On appeal from adoption of N.J.A.C. 7:38-3.2(g) and N.J.A.C. 7:38-3.4(b)(1) and (2) by the Department of Environmental Protection.
The opinion of the court was delivered by: Skillman, P.J.A.D.
NOT FOR PUBLICATION WITHOUT THE APPROVAL OF THE APPELLATE DIVISION
Before Judges Skillman, Yannotti and LeWinn.
In August 2004, the Governor signed into law the Highlands Water Protection and Planning Act (the Highlands Act), N.J.S.A. 13:20-1 to -35.*fn1 This legislation establishes a state agency, called the Highlands Water Protection and Planning Council (Highlands Council), N.J.S.A. 13:20-4, which is delegated responsibility for land use planning for the Highlands Region, including adoption of a master plan.

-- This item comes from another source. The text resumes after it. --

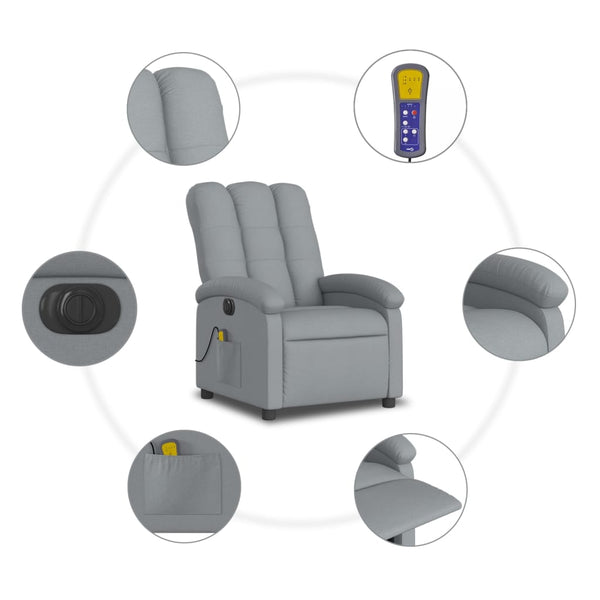 Electric Massage Recliner Chair Light Grey Fabric Electric Massage Chairs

The Highlands Act creates two areas within the Region: a preservation area, in which further development is strictly regulated, and a planning area, in which development consistent with the Act's goals is encouraged. See N.J.S.A. 13:20-7(b),(c); N.J.S.A. 13:20-10(b),(c). The Act delegates responsibility to the Department of Environmental Protection (DEP) to establish a permitting review program for all major development in the preservation area. N.J.S.A. 13:20-31 to -35. The Act also delegates responsibility to the DEP to adopt "rules and regulations establishing the environmental standards for the preservation area upon which the regional master plan adopted by the [Highlands Council] and the Highlands permitting review program administered by the [DEP] . . . shall be based."
N.J.S.A. 13:20-32. These rules and regulations are required to contain certain provisions specified in the subsections of N.J.S.A. 13:20-32, including "a septic system density standard." N.J.S.A. 13:20-32(e).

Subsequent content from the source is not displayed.